Here are some actionable best practices to align your software factory:
Set a Foundation for Visibility and Governance
- Implement a unified, automated approach to track and manage application owners.
- Utilize a solution to collect evidence from anywhere in the SDLC, allowing you to prove adherence to any policy.
- Unify a system of record to connect metadata, building an audit trail you (and any auditor) can trust.
- Look at the data your teams generate, and see if there are overlaps to align data for new use cases.
- Identify how you measure your Trust Factor, and make it visible across the whole enterprise.
Integrate Security, Controls, and Policies
- Integrate both proactive and reactive controls to power security in your software from code to runtime.
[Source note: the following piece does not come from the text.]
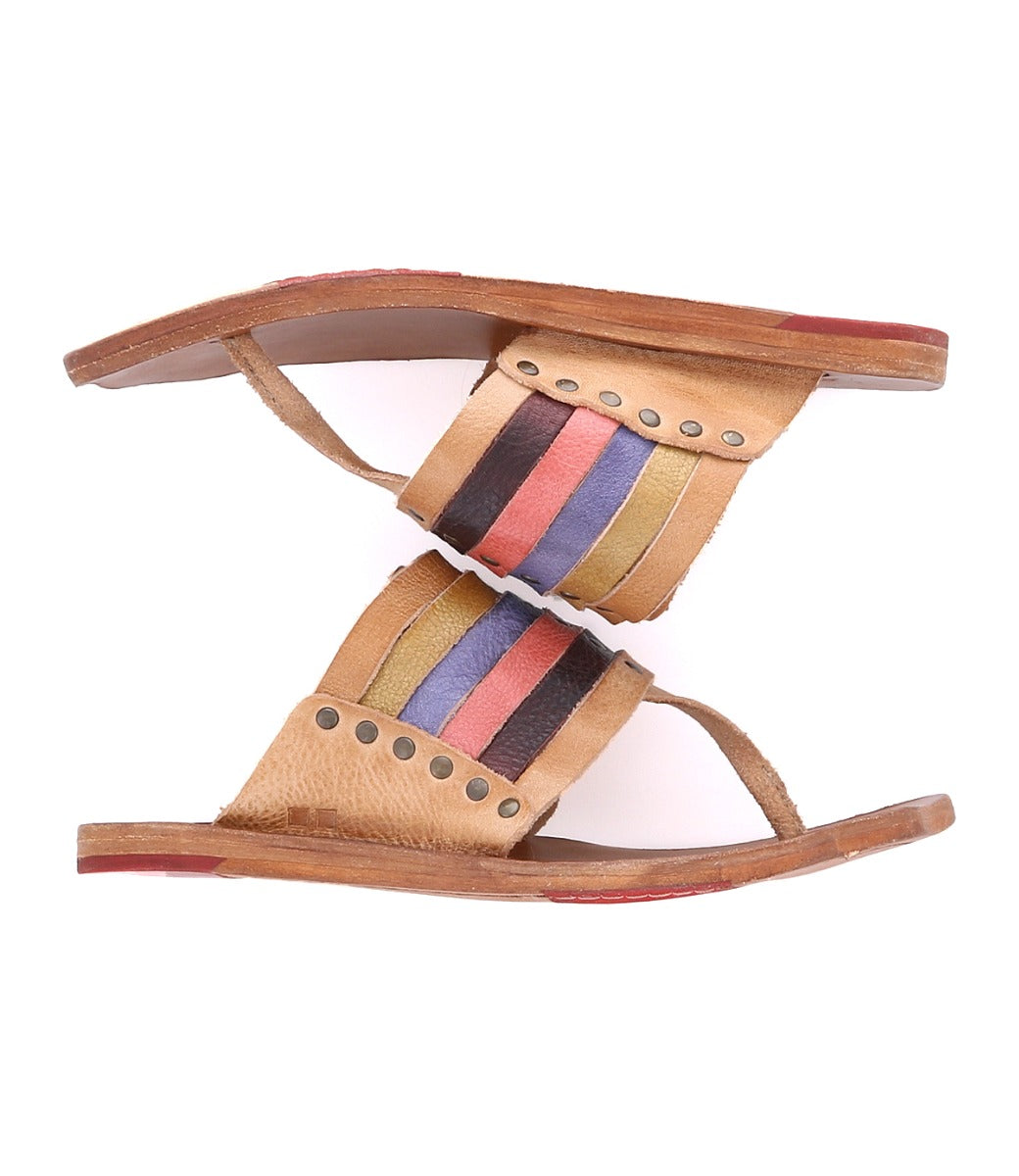 A pair of Bed Stu Nemesis women's sandals with multi-colored straps.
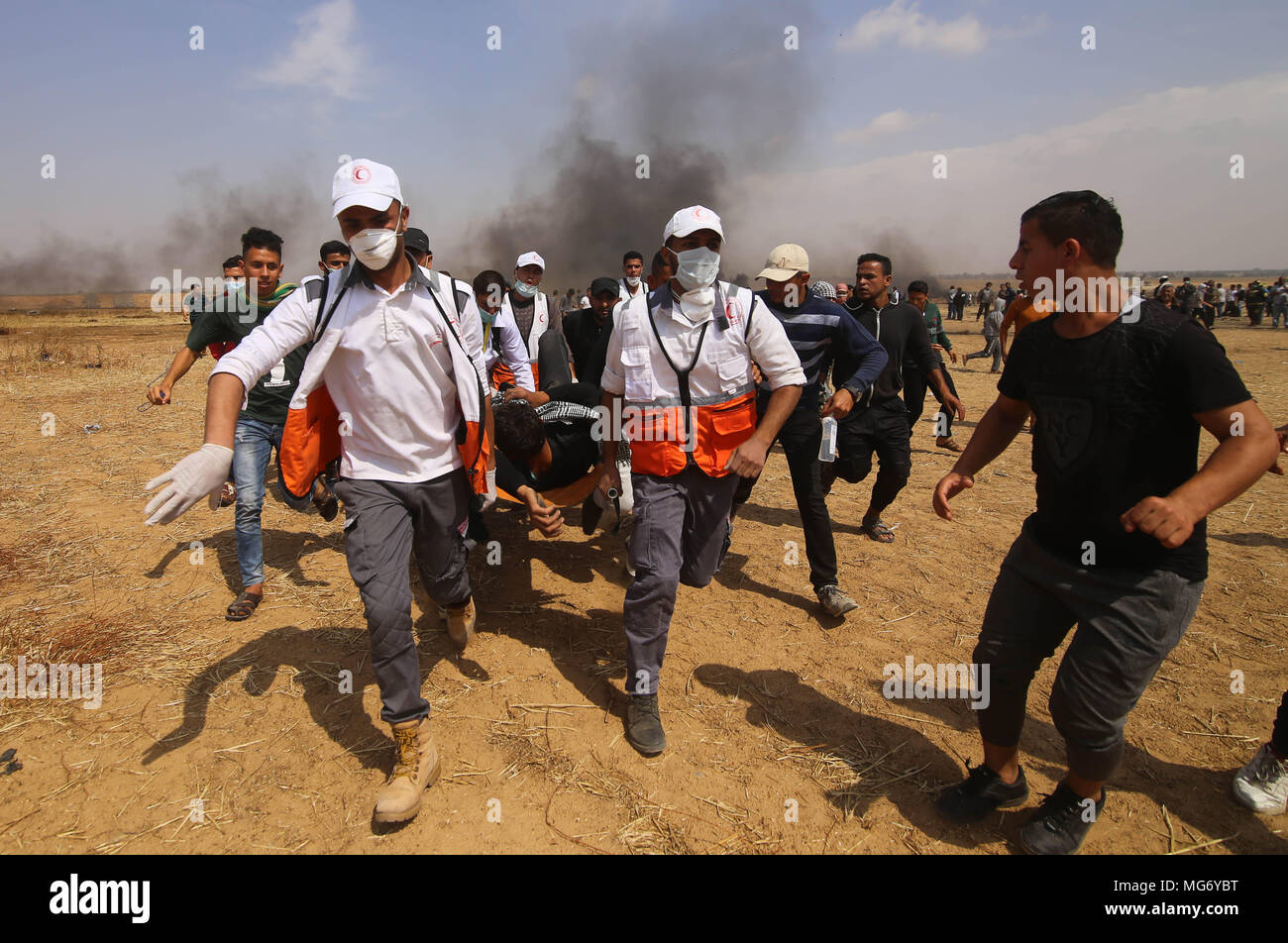 La bande de Gaza. Apr 27, 2018. Les médecins palestiniens transportent un homme blessé lors d'affrontements avec les troupes israéliennes sur la frontière Gaza-Israel, à l'est de Khan Younis, dans le sud de la ville de Gaza, le 27 avril 2018. Credit : Khaled Omar/Xinhua/Alamy Live News Banque D'Images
- Develop and enforce a single path into production for all your software.
Encourage Collaboration and Alignment
- Ensure that all the teams involved in building, securing, and maintaining your software solutions have an understanding (and access) to the information generated across your software supply chain. This is not a case of “if we build it, they will come”, you have to be proactive in reaching out to them to engage them with this information.
- Create a unified group of collaborators who work together, not in silos.
The result of these efforts is the ability to truly trust your software and ML supply chain. You’ll be able to answer critical questions such as:
- “Which teams are using a deprecated component?”
- “Where is this open-source software package used?”
- “Which team is responsible for introducing a vulnerability?”
- “Which packages are vulnerable to this CVE?”
- “What compliance policies are required to put application X in production?”
- “Who overrode the blocking of this risk package?”
- “How can I prove that a container was approved for external distribution?”
How Can I Get Started Shipping Trusted Applications Without Increasing Friction?
The ideal vision for modern software delivery is to have a framework of people, processes, and technologies working together. This way, you’ll manage risk with policies, and make business risk decisions based on hard evidence, at any scale.
This requires stakeholder alignment; everyone in the software factory needs to buy in. Software development is a team sport, and the team wins when everyone trusts each other and shares information. This trust begins with trusting the system of record around application development to improve communication.